## What is required
Include only the line with "APARTAMENTO EN VENTA" and the lines after it, each reproduced exactly as it stands in the entries below.

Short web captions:
##########
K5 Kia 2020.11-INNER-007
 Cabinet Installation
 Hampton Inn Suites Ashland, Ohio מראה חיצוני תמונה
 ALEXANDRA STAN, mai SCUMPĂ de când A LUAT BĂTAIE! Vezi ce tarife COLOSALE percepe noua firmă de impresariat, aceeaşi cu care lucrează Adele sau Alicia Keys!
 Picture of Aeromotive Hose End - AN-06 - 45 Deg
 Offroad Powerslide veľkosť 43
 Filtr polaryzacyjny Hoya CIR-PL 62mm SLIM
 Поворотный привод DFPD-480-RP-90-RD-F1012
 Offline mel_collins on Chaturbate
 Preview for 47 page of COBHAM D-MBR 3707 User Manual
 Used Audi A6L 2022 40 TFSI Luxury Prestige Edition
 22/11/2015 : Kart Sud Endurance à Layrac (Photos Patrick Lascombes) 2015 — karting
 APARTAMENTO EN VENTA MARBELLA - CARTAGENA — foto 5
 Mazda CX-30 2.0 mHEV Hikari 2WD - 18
##########
## Task output
 APARTAMENTO EN VENTA MARBELLA - CARTAGENA — foto 5
 Mazda CX-30 2.0 mHEV Hikari 2WD - 18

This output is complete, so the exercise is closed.